(TASK PROMPT): Transcribe the records below word for word, beginning with the first line and stopping after the line that contains "耐熱・食品用耐圧ホース トヨシリコーンホース 内径12.7mm×外径19.5mm"; pictures are not part of the copy.

(SOURCE MATERIAL):
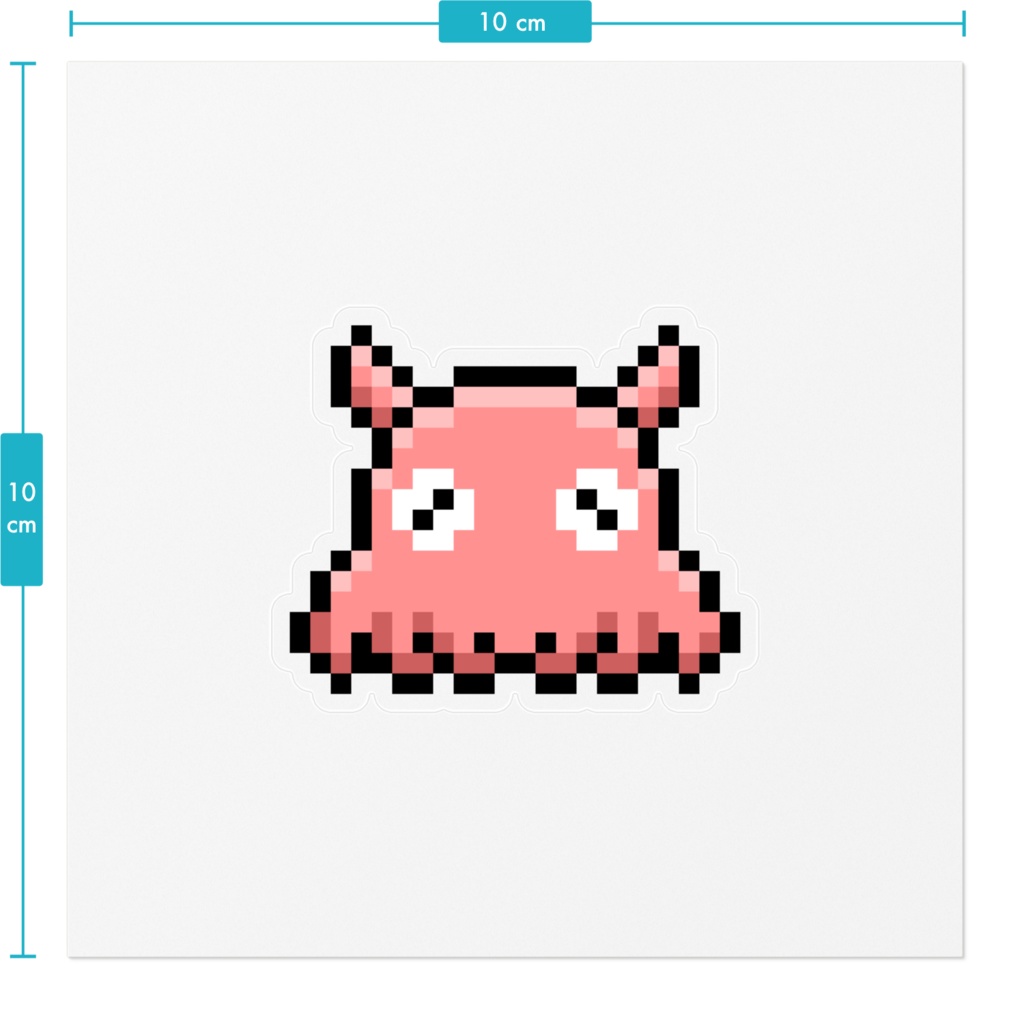 ドットメンダコ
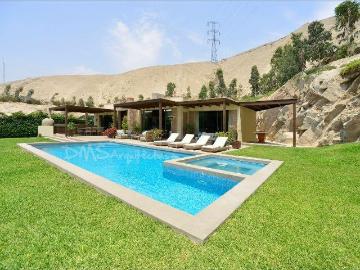 Casa de Campo en venta en Cieneguilla a $920,000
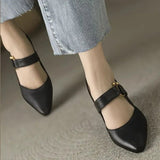 Vera | Slingback Heels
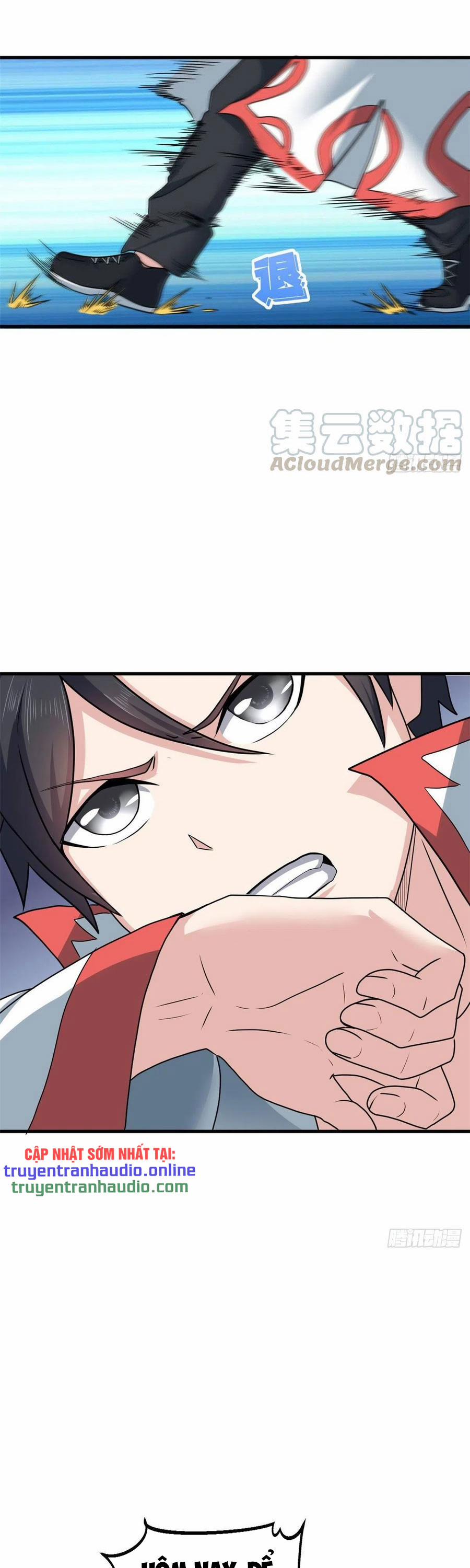 Con Rể Long Vương 71 trang 16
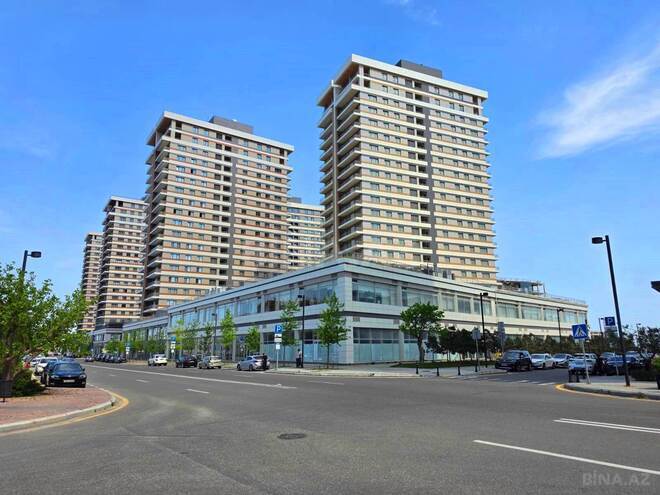 Satılır 3 otaqlı yeni tikili 157.5 m², Şah İsmayıl Xətai m., photo 1 from 22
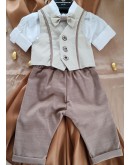 completo bimbo estivo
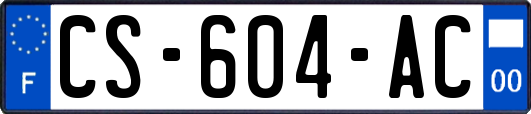 CS-604-AC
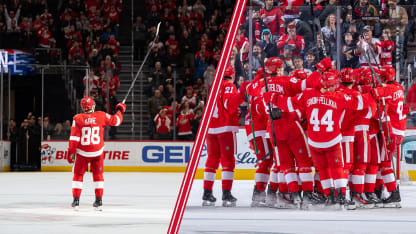 Kane passes Modano on Chiarot goal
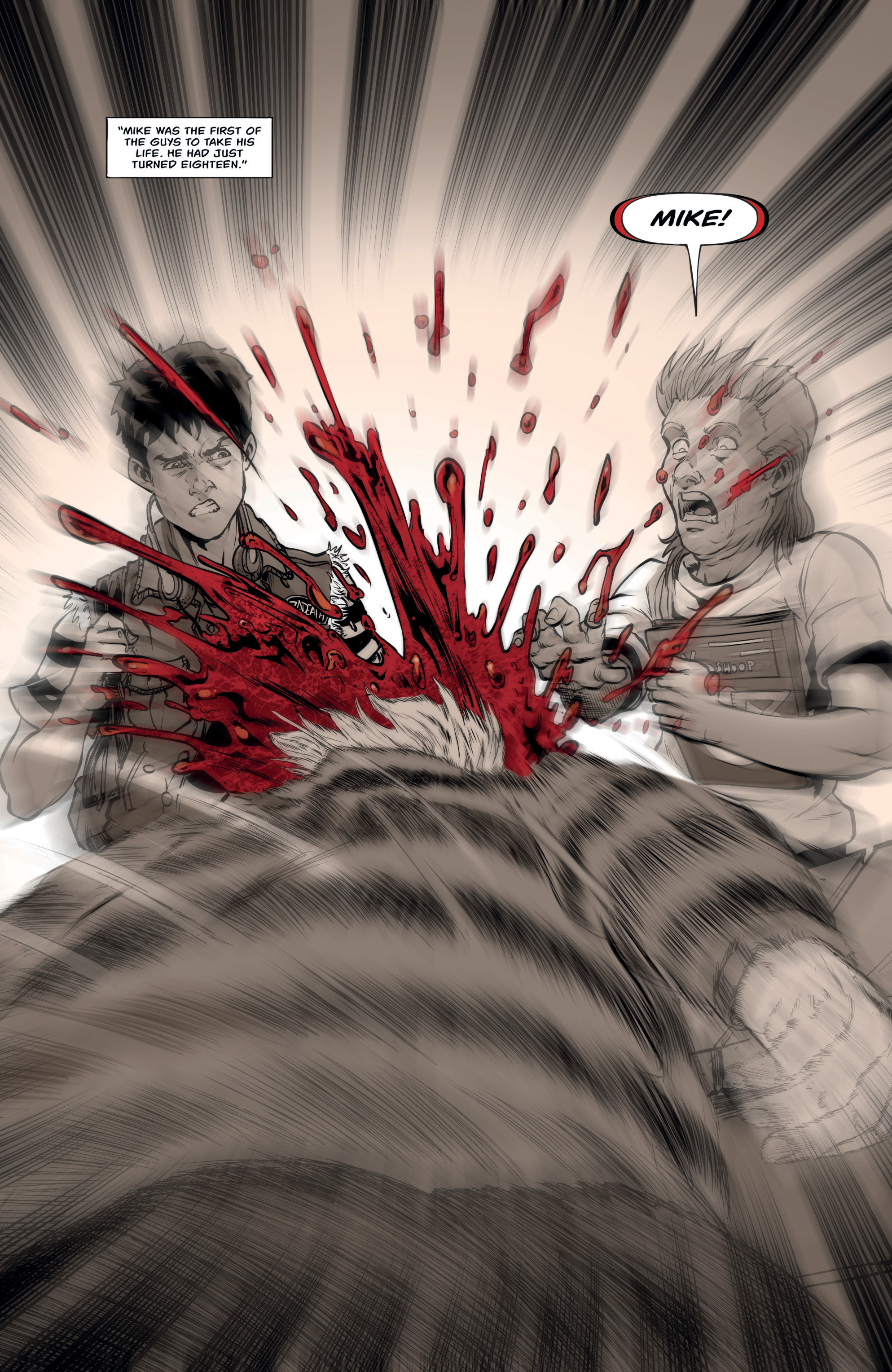 Grimm Tales Of Terror Vol. 4 (2018-): Chapter 7 - Page 17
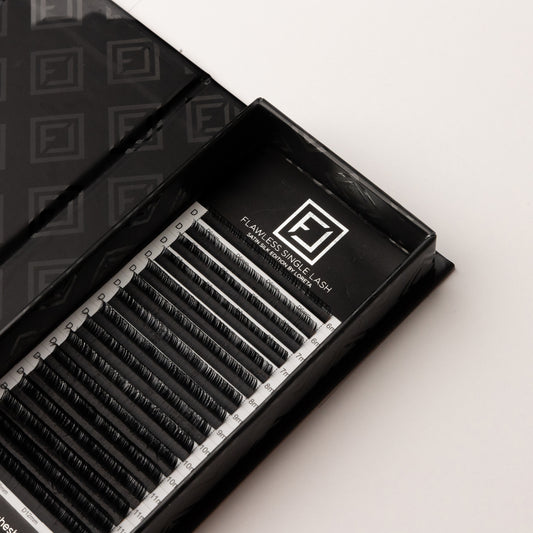 0,05 megavolumen wimpern flawless lashes high quality mixbox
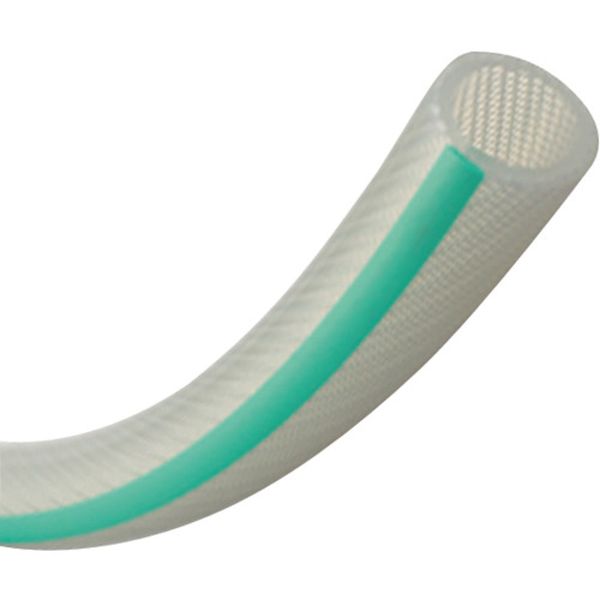 耐熱・食品用耐圧ホース トヨシリコーンホース 内径12.7mm×外径19.5mm 長さ5m TSI-12-5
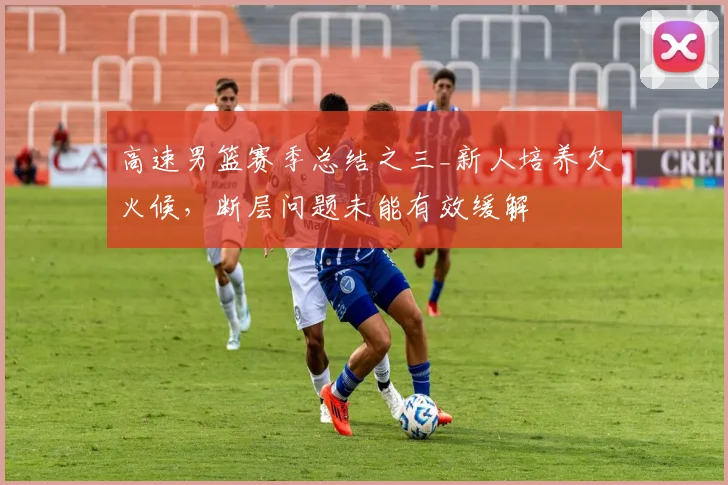 高速男篮赛季总结之三_新人培养欠火候，断层问题未能有效缓解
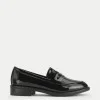 Patent Leather School Shoes (3½ Large - 7 Large)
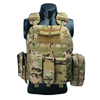 Camouflage Outdoor Game Gear for Adventurers - Tactical Vest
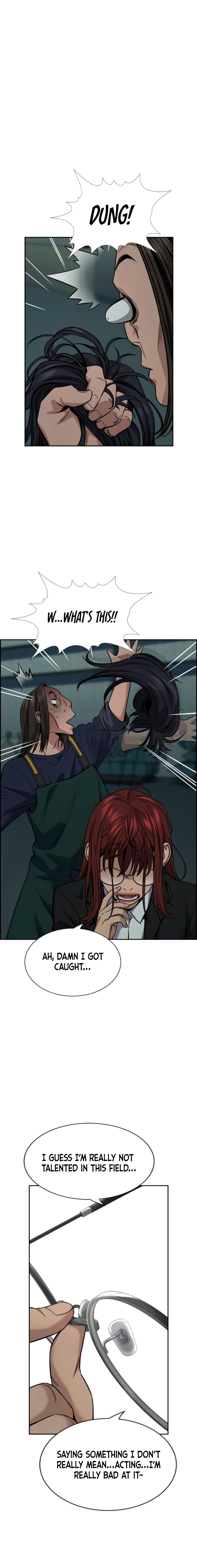 True Education Chapter 75 - Page 24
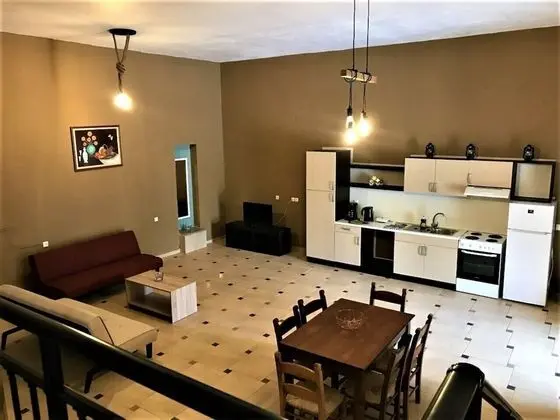 Deluxe Apart Daire, 2 Yatak Odası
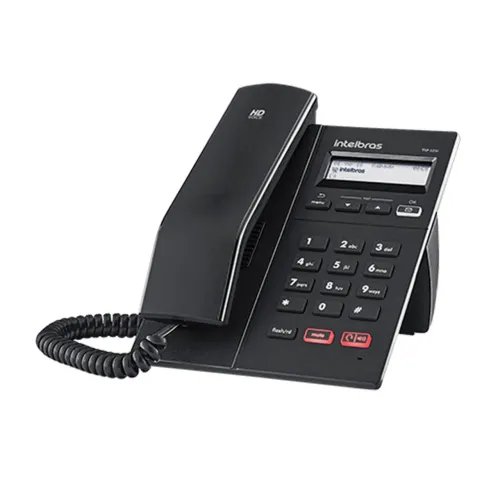 Telefone IP Intelbras TIP 125i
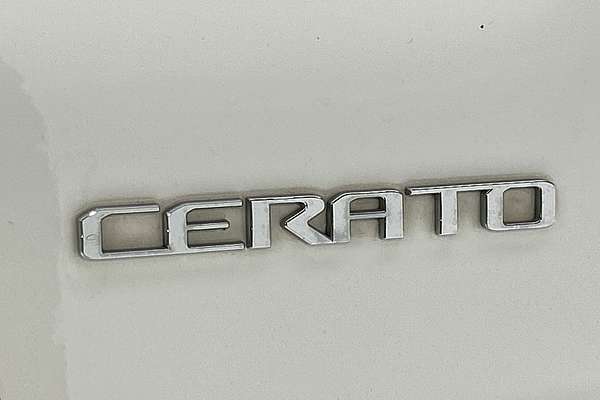 2018 Kia Cerato S YD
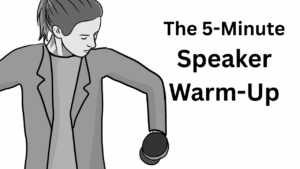 Boost Your Confidence with a 5-Minute Warm-Up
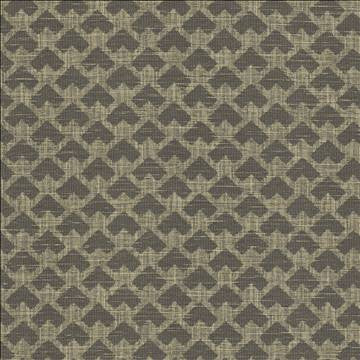 Oath Keeper Smoke by Kasmir Designer Fabric 5123 100% Polyester CHINA 45,000 Wyzenbeek Double Rubs H: 2 4/8 inches, V: 1 4/8 inches 57 - Swanky Fabrics - Kasmir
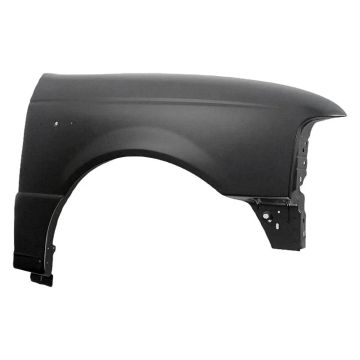 Fender Front Right w/o Wheel Opening Molding CAPA for Ford Ranger 2004-2011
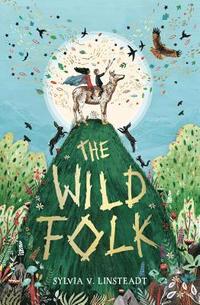 bokomslag The Wild Folk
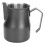 Olecranon Typ Outlet 350 ml schwarze Milchkanne 3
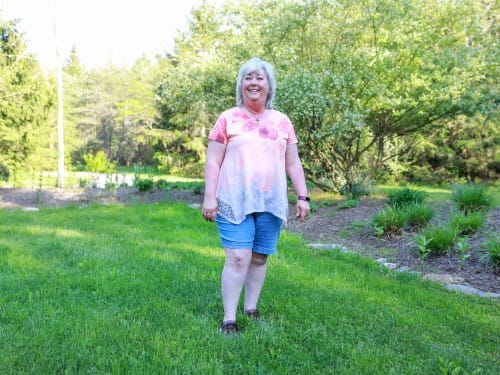 Debbie Clark, orthopaedics patient at UPMC in north central Pa.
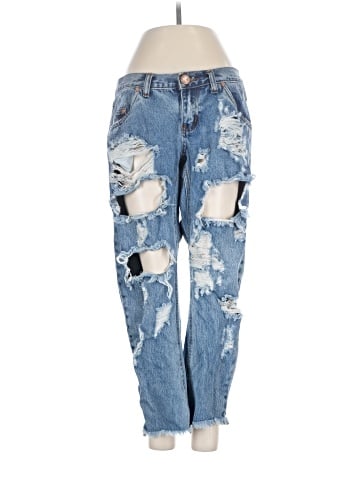 One by One Teaspoon Jeans (view 1)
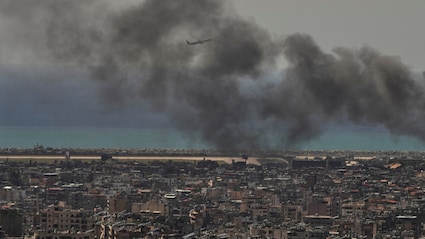 WHO Warns Of Nuclear Risk As Middle East Conflict Intensifies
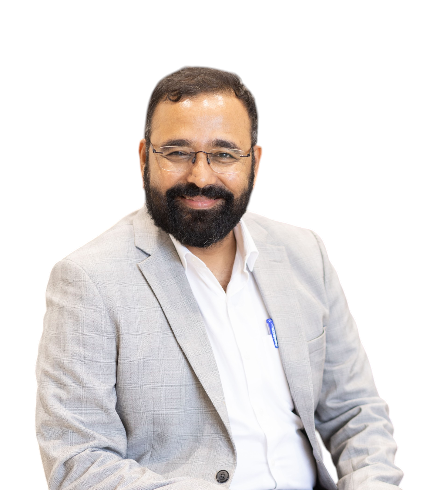 Mr. Goutham Jain, Director General,Association, PET Recyclers (APR) Bharat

(REPLY):
 ドットメンダコ
 Casa de Campo en venta en Cieneguilla a $920,000
 Vera | Slingback Heels
 Con Rể Long Vương 71 trang 16
 Satılır 3 otaqlı yeni tikili 157.5 m², Şah İsmayıl Xətai m., photo 1 from 22
 completo bimbo estivo
 CS-604-AC
 Kane passes Modano on Chiarot goal
 Grimm Tales Of Terror Vol. 4 (2018-): Chapter 7 - Page 17
 0,05 megavolumen wimpern flawless lashes high quality mixbox
 耐熱・食品用耐圧ホース トヨシリコーンホース 内径12.7mm×外径19.5mm 長さ5m TSI-12-5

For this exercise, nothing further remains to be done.